### [Task]
Starting with the line in which "Veteran Tailgate Wrap, Vietnam" appears, give back every line exactly as written until the listing ends, excluding pictures.

(Records for this exercise Opens)

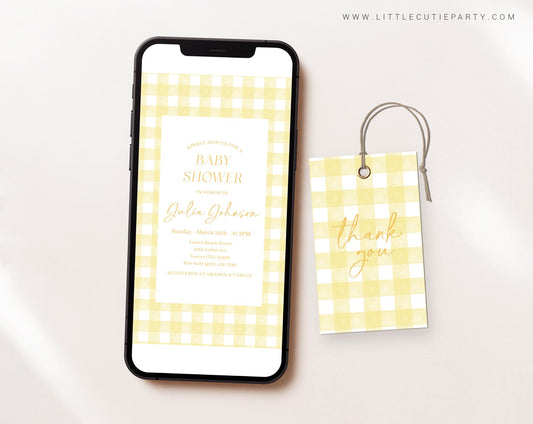 Editable Yellow Gingham Baby Shower Invite, Yellow Baby Shower Evite, Baby Shower Digital Invite for Yellow Baby Shower YGHBS001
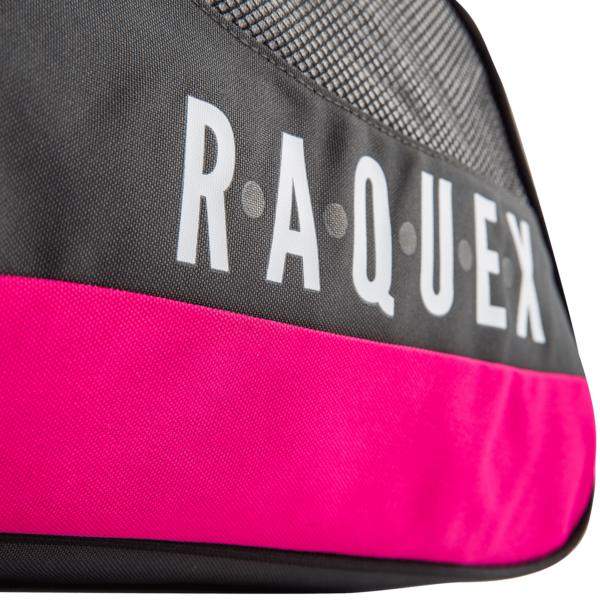 a close view of the Raquex logo on a black and pink Raquex racquet bag with shoulder strap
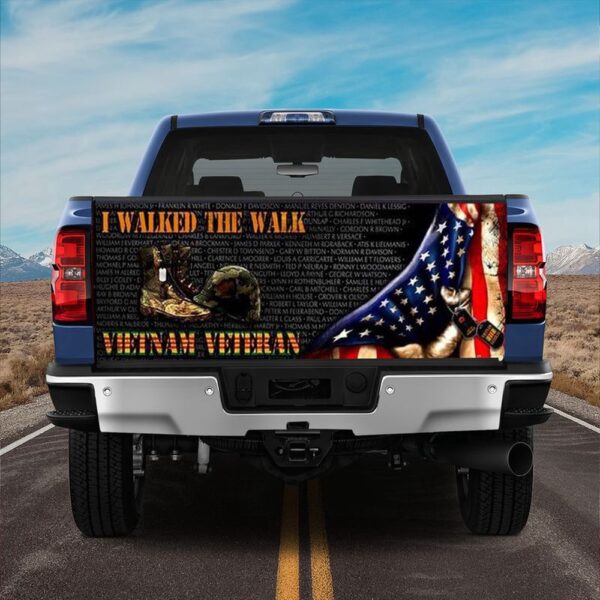 Veteran Tailgate Wrap, Vietnam Vetran I Walked The Walk Truck Tailgate Decal Sticker Wrap Soldier Gift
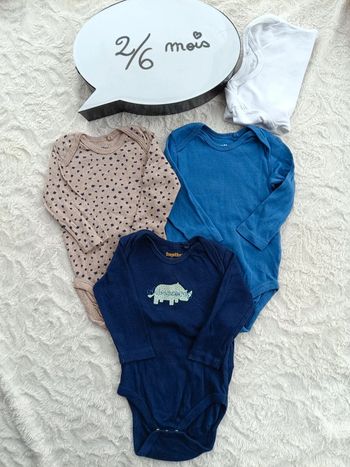 Lot de 3 bodies manches longues + 1 offert Garçon 2/6 mois rhinocéros Lupilu 100% coton bio
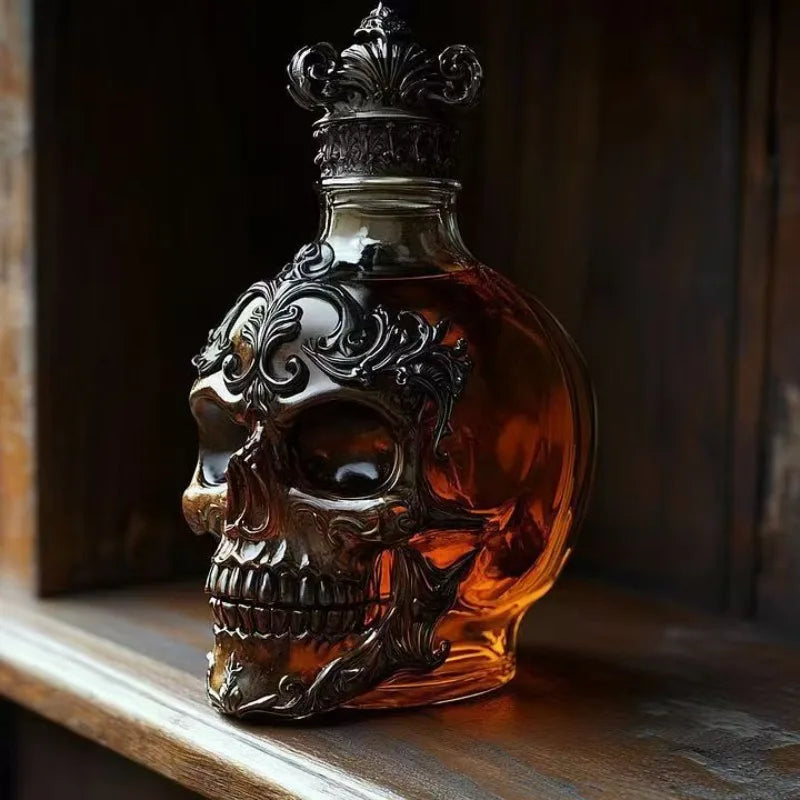Whiskey Bottle Skull Decor Alcohol Dispenser Skeleton Whiskey Wine Bottle Sculpture for Bourbon Vodka Brandy Wedding Party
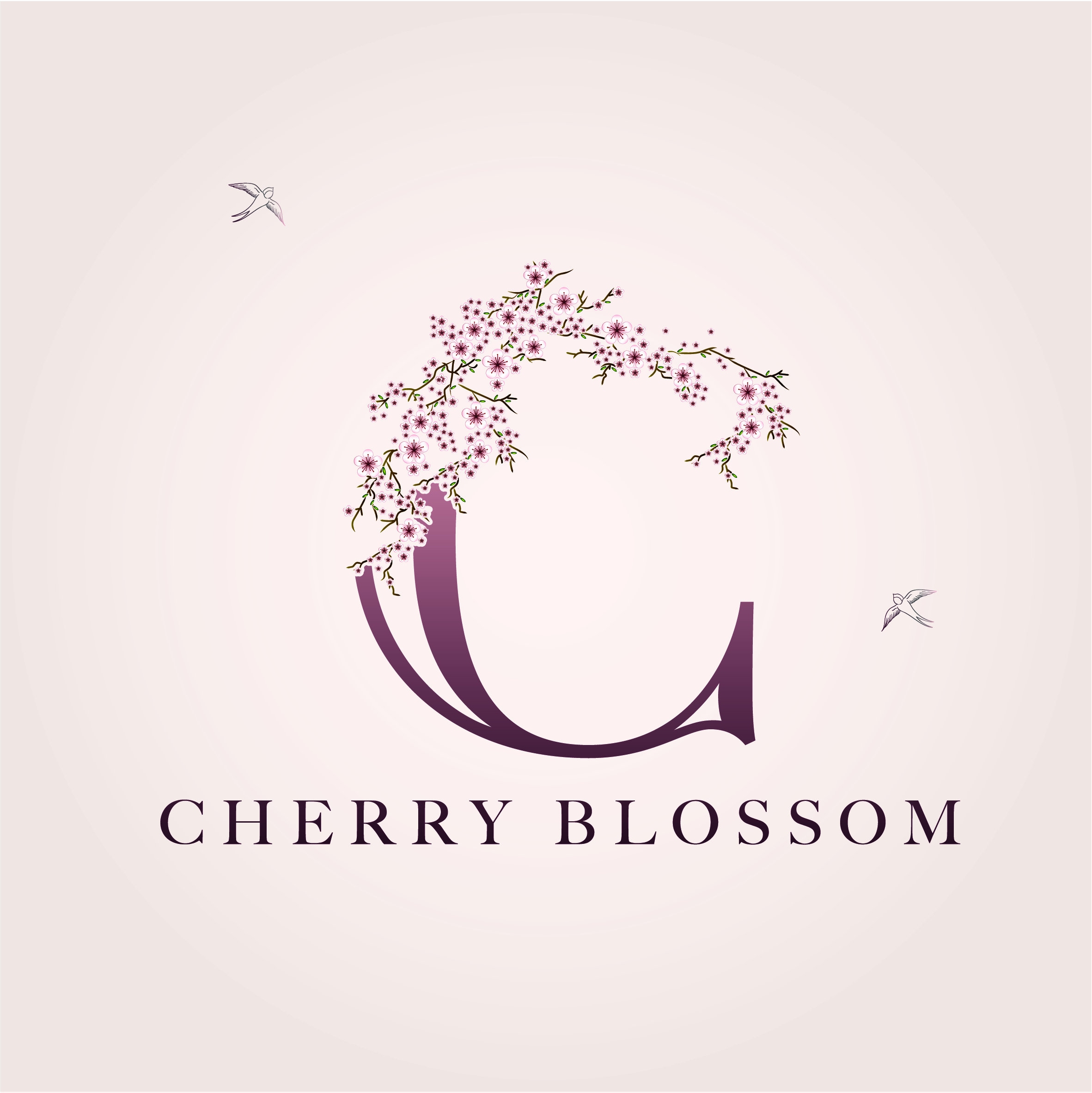 Cherry Blossom Pink Floral Logo Bespoke Logo Template Design
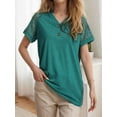 thumbnail image 2 of Weardear Womens Summer Tops V Neck Short Sleeve Buttons Tshirts Loose Fit Casual Blouses, S-2XL, 2 of 6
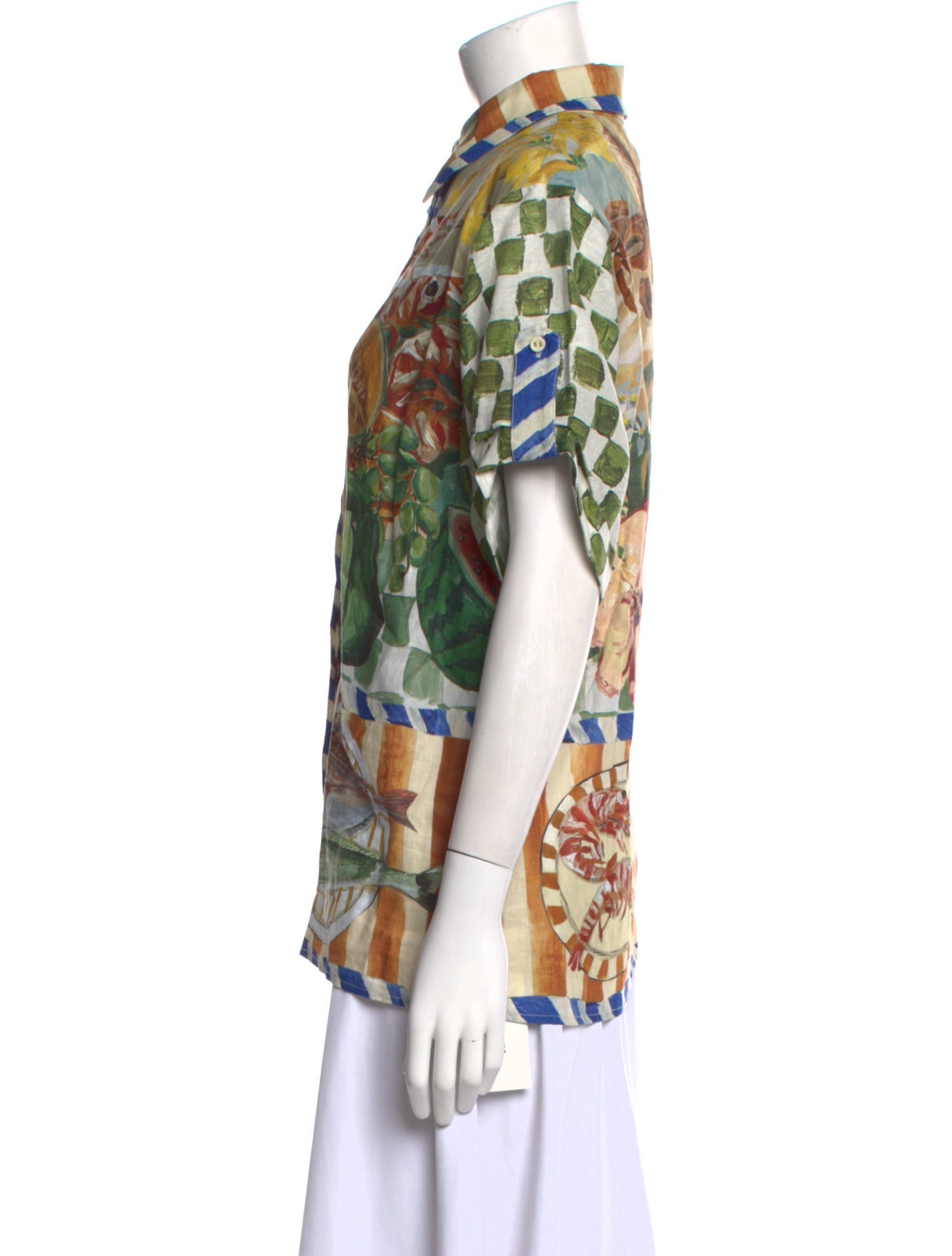 ALÉMAIS Linen Printed Button-Up Top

(Records for this exercise Closes)

### [Output below]
 Veteran Tailgate Wrap, Vietnam Vetran I Walked The Walk Truck Tailgate Decal Sticker Wrap Soldier Gift
 Lot de 3 bodies manches longues + 1 offert Garçon 2/6 mois rhinocéros Lupilu 100% coton bio
Whiskey Bottle Skull Decor Alcohol Dispenser Skeleton Whiskey Wine Bottle Sculpture for Bourbon Vodka Brandy Wedding Party
 Cherry Blossom Pink Floral Logo Bespoke Logo Template Design
 thumbnail image 2 of Weardear Womens Summer Tops V Neck Short Sleeve Buttons Tshirts Loose Fit Casual Blouses, S-2XL, 2 of 6
 ALÉMAIS Linen Printed Button-Up Top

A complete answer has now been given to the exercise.